Q - Le Premier ministre israélien a démissionné, il y a des idées européennes, il y a des idées arabes, jordaniennes, égyptiennes, mais la question est de savoir que peut offrir Barak à la région ? Est-ce que Clinton pense venir ou envoyer des émissaires dans la région et quelle serait l'initiative de Bush en la matière ?
R - Cela fait beaucoup de questions. A la plupart de ces questions, personne ne peut répondre. Par exemple, ce que fera la nouvelle administration américaine. Attendons, on verra bien, personne ne sait. Dans l'immédiat je crois qu'il faut se concentrer sur les chances, sur l'augmentation des chances d'obtenir une relance d'une négociation politique véritable permettant d'aboutir à un accord entre les dirigeants palestiniens et les dirigeants israéliens dans des délais courts. Pour cela, il faut que les contacts reprennent entre les Israéliens et les Palestiniens. Ils ont repris d'une façon ou d'une autre. Il faut qu'ils redeviennent une vraie négociation. Quel que soit le nom du texte qui est recherché, il faut qu'il porte sur les vrais sujets. Et il faut que les responsables israéliens arrivent à faire des propositions que les responsables palestiniens soient en mesure d'accepter. Tous les autres peuvent aider, je dirai même que les autres ont le devoir d'aider cette recherche. Mais aucun pays extérieur, aussi proche ou aussi ami qu'il soit, ne peut se substituer au bout du compte à la responsabilité historique des dirigeants israéliens et palestiniens.

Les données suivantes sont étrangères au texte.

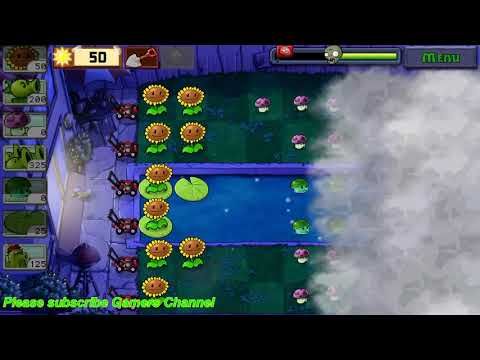Video guide by Gamers Channel: Blow Away! Level 3 #blowaway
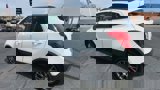 Used 2016 Buick Encore Sport Touring image 6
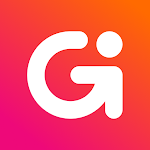 Cover Image of Download GigIndia: Work From Home Gigs 5.0.9 APK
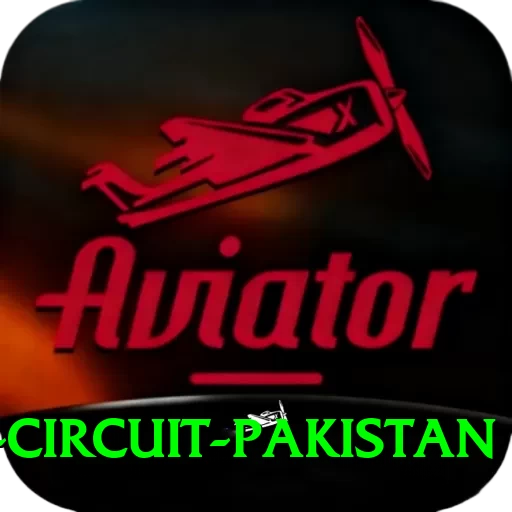 annapurna circuit pakistan Turbo v3.8.9 - 2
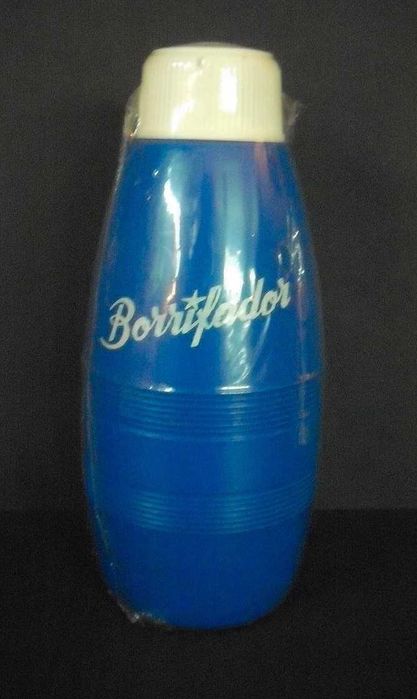 Borrifador - Santo António - fabrico Português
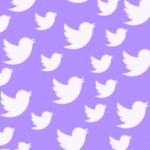 Ça y est, le badge de vérification de Twitter n’est plus un badge de vérification Ça y est, le badge de vérification de Twitter n’est plus un badge de vérification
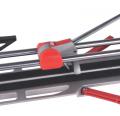    Rubi STAR-61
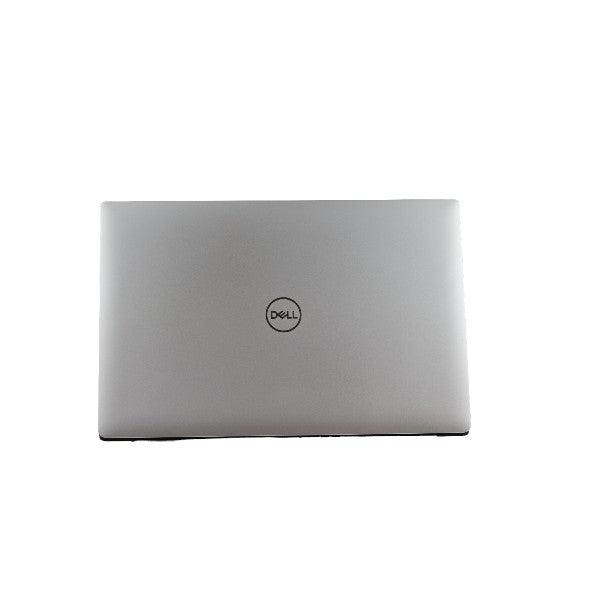 DELL PRECISION 5530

Q - J'ai une question sur ce que vous pensez des conséquences de l'élection de George W. Bush comme président des Etats-Unis sur la situation actuelle au Proche-Orient ?

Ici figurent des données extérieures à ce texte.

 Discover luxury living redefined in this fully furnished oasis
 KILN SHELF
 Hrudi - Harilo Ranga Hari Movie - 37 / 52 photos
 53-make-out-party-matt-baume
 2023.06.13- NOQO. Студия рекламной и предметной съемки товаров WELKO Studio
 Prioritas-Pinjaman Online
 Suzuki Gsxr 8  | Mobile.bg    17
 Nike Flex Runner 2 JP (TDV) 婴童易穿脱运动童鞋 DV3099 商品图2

R - Je voudrais souhaiter bonne chance au nouveau président des Etats-Unis. Mais je pense que ce serait une erreur de penser que, d'ici à la mise en place de la nouvelle administration américaine, il ne peut plus rien se passer. Je crois que la situation est tellement tragique que nous avons le devoir chaque jour inlassablement de faire tout ce qui est possible de faire, même si nous connaissons tous très bien les innombrables difficultés./.